What you need to do |
Pictures must be left out. Retype exactly the lines from the one containing "Chevrolet Silverado 2500hd" through the last line of the records below.

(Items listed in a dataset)
• • • • • • •
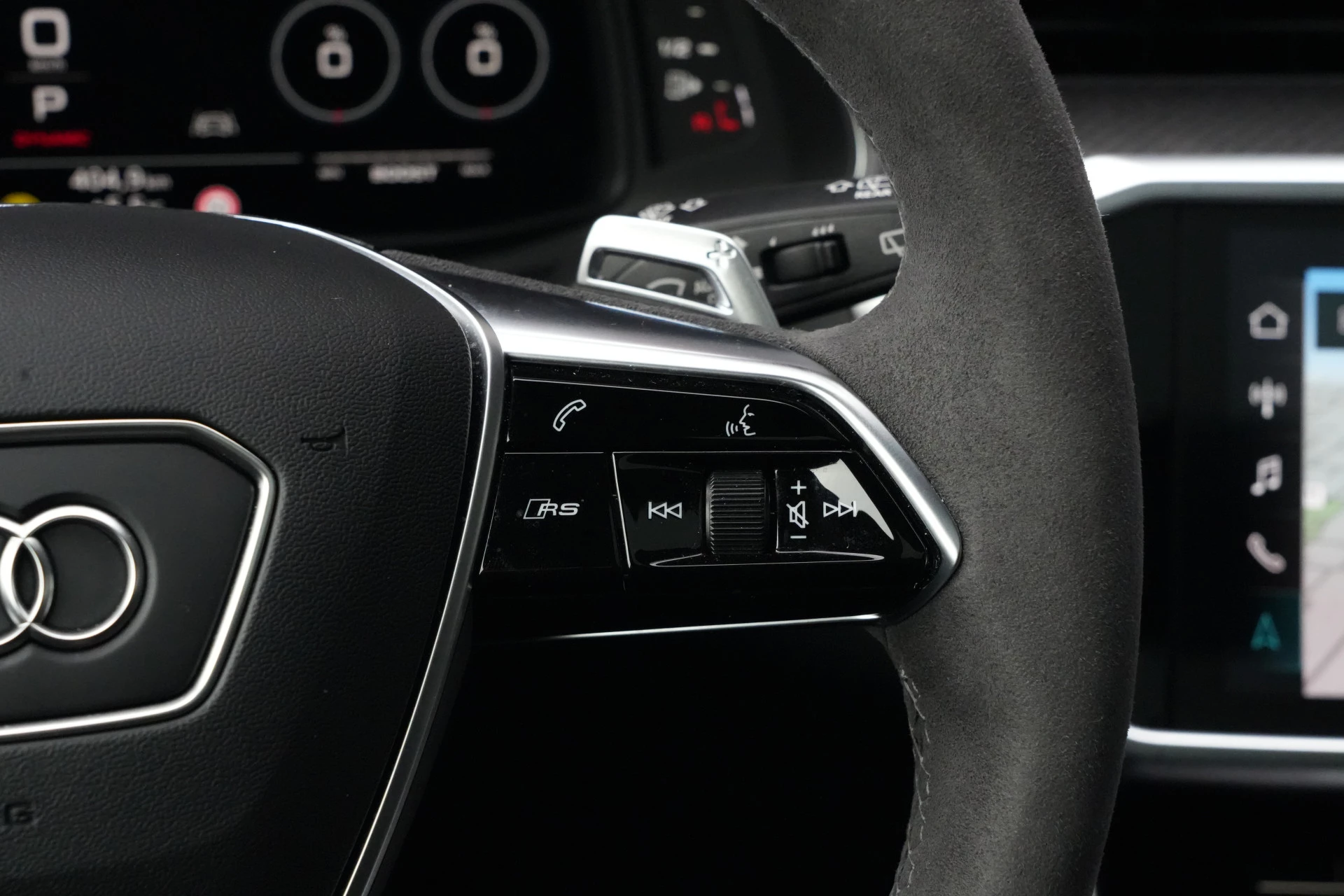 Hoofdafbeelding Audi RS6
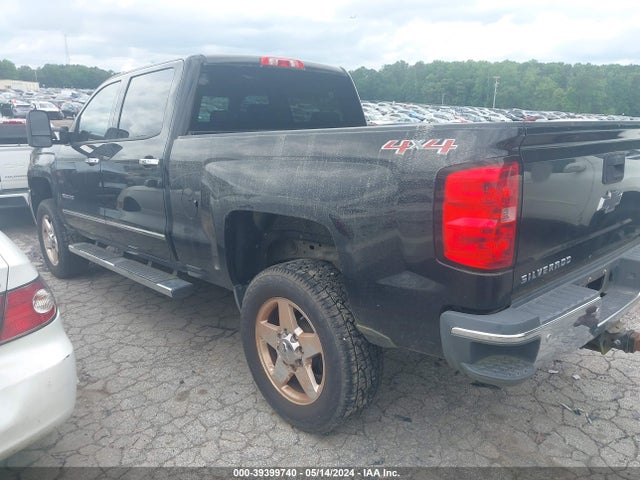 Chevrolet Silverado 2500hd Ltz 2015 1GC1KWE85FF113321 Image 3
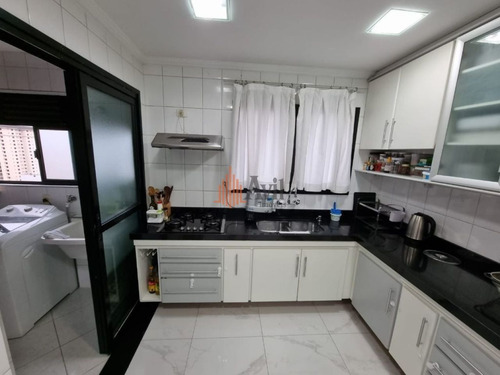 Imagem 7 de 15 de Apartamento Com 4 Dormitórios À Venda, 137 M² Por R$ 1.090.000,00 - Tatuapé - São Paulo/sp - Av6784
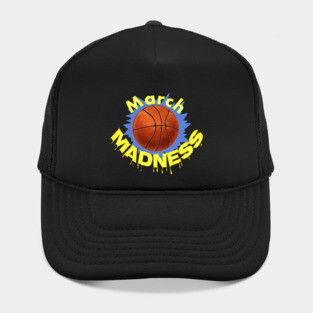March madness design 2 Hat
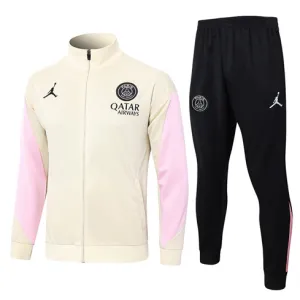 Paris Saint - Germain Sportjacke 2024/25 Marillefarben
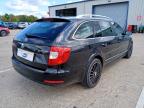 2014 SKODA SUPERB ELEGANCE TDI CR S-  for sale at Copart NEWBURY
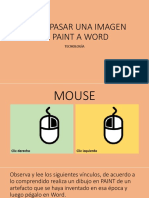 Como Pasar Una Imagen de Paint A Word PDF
• • • • • • •
Output |
 Chevrolet Silverado 2500hd Ltz 2015 1GC1KWE85FF113321 Image 3
 Imagem 7 de 15 de Apartamento Com 4 Dormitórios À Venda, 137 M² Por R$ 1.090.000,00 - Tatuapé - São Paulo/sp - Av6784
March madness design 2 Hat
 Paris Saint - Germain Sportjacke 2024/25 Marillefarben
 2014 SKODA SUPERB ELEGANCE TDI CR S-  for sale at Copart NEWBURY
 Como Pasar Una Imagen de Paint A Word PDF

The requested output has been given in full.